> RECORD SET:
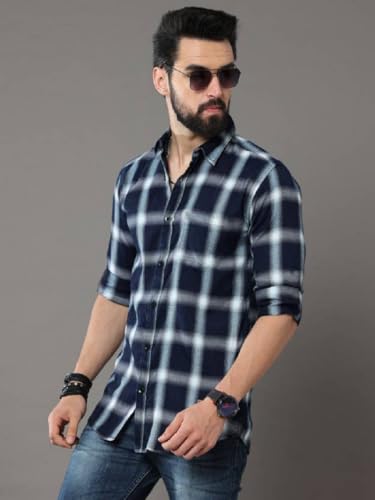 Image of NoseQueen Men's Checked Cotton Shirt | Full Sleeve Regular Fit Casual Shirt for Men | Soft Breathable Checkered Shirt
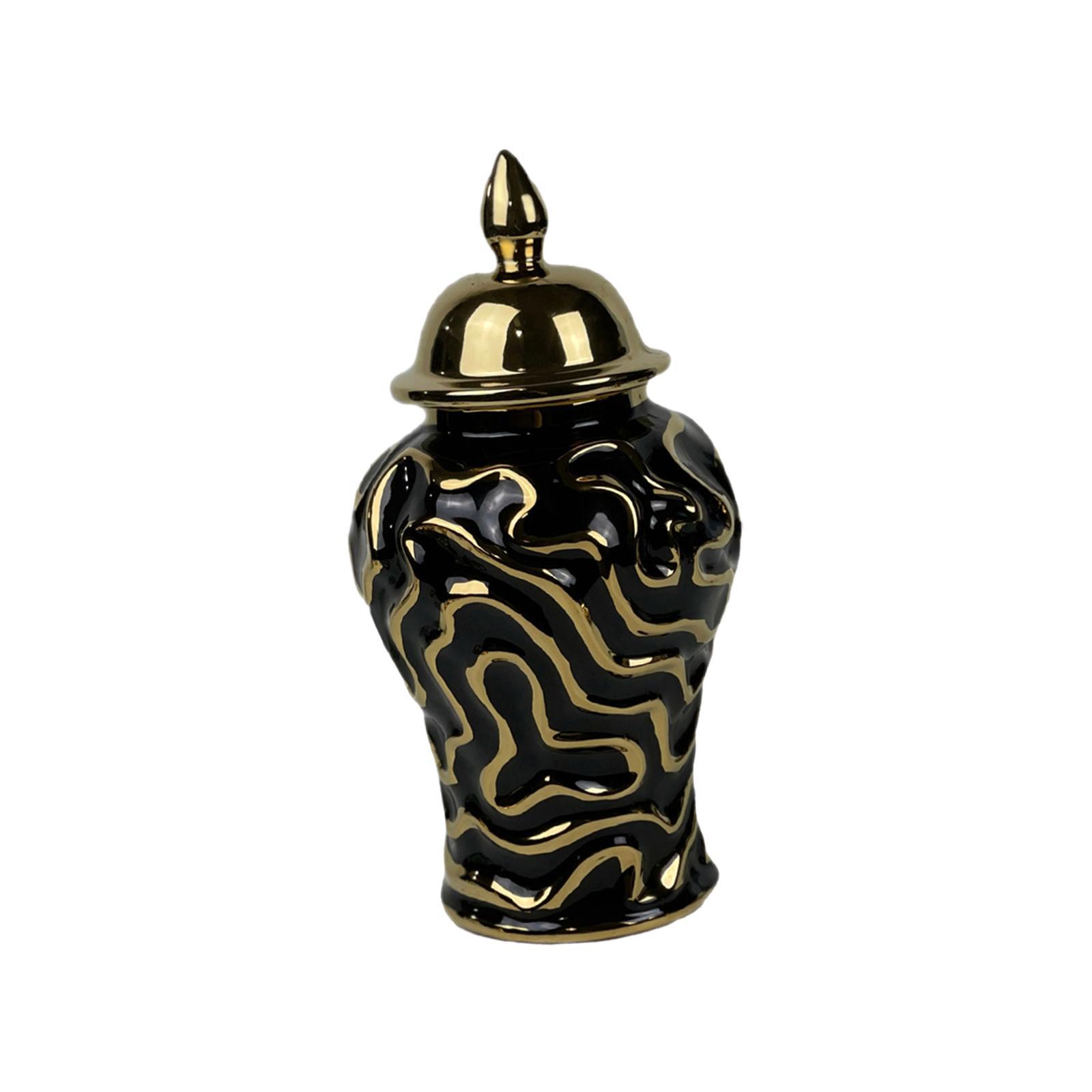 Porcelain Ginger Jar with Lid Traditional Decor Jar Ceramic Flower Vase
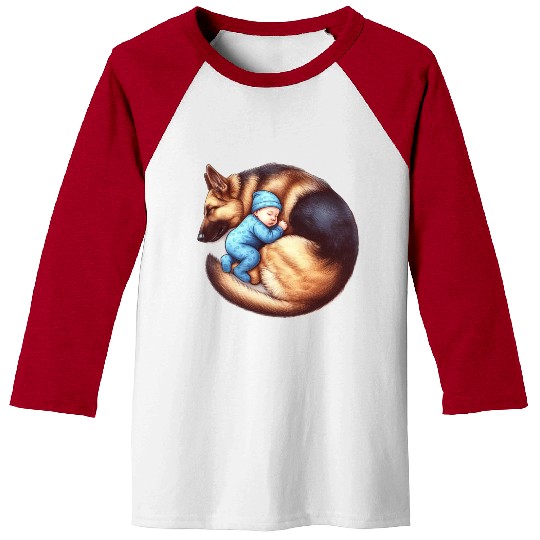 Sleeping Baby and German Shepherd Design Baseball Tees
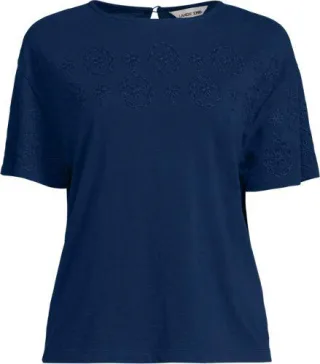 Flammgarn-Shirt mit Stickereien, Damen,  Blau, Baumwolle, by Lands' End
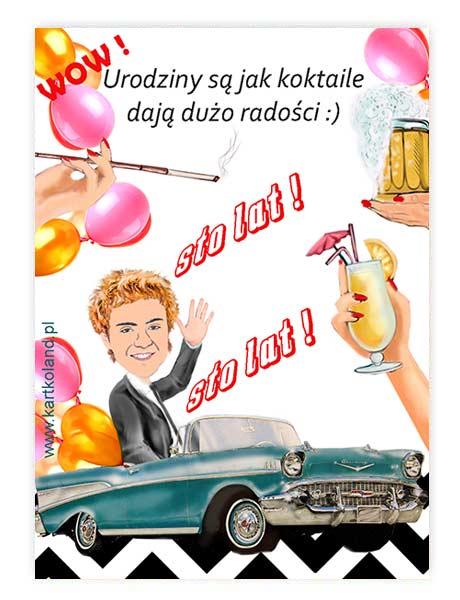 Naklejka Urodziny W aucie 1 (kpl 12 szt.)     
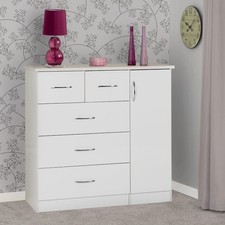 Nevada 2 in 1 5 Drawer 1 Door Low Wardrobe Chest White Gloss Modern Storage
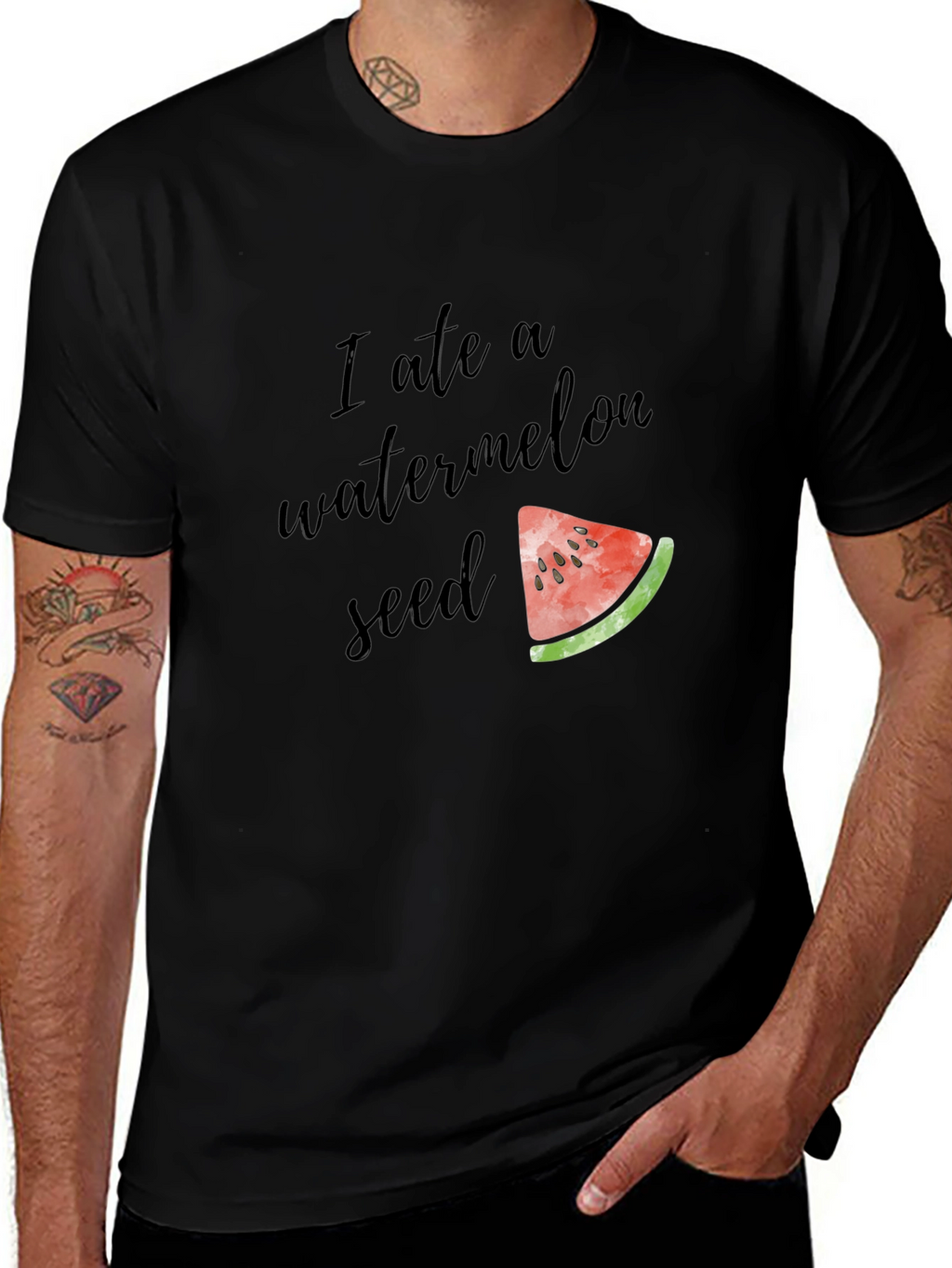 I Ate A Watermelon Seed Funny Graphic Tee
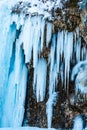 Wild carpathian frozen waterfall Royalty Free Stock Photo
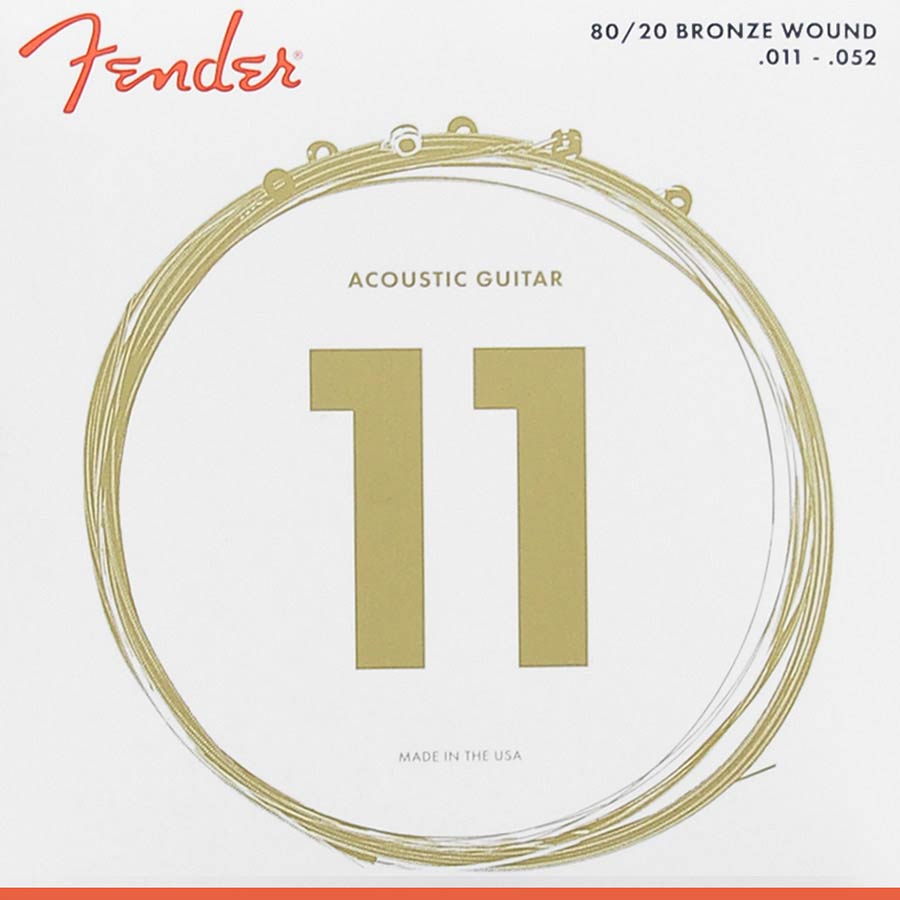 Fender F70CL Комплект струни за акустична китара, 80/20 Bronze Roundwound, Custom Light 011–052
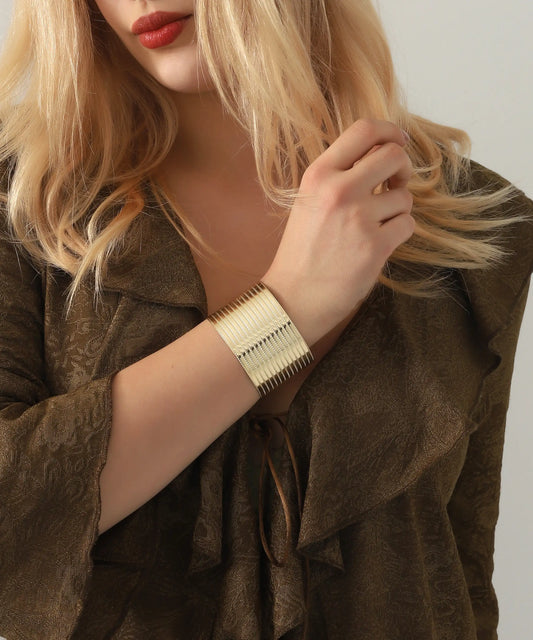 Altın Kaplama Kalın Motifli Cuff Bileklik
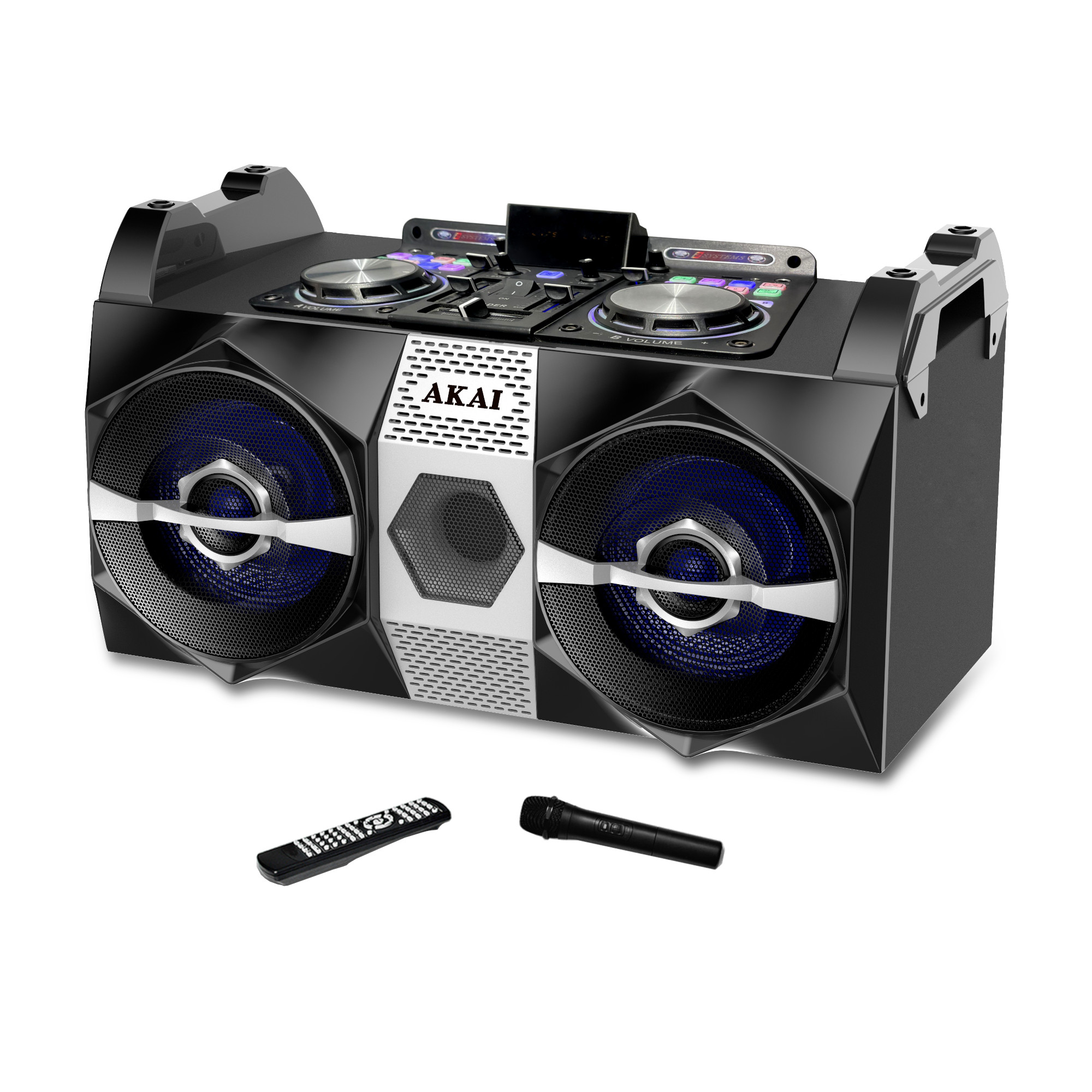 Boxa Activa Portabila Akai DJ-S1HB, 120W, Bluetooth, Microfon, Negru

> DESCRIPTION OF THE TASK:
Leaving out every picture, transcribe exactly the lines from the line that contains "I Ate A Watermelon Seed Funny Graphic Tee" through the final line of the entries above.

> ANSWER TO THIS EXERCISE:
 I Ate A Watermelon Seed Funny Graphic Tee
 Wild carpathian frozen waterfall Royalty Free Stock Photo
 Fender F70CL Комплект струни за акустична китара, 80/20 Bronze Roundwound, Custom Light 011–052
 Altın Kaplama Kalın Motifli Cuff Bileklik
 Boxa Activa Portabila Akai DJ-S1HB, 120W, Bluetooth, Microfon, Negru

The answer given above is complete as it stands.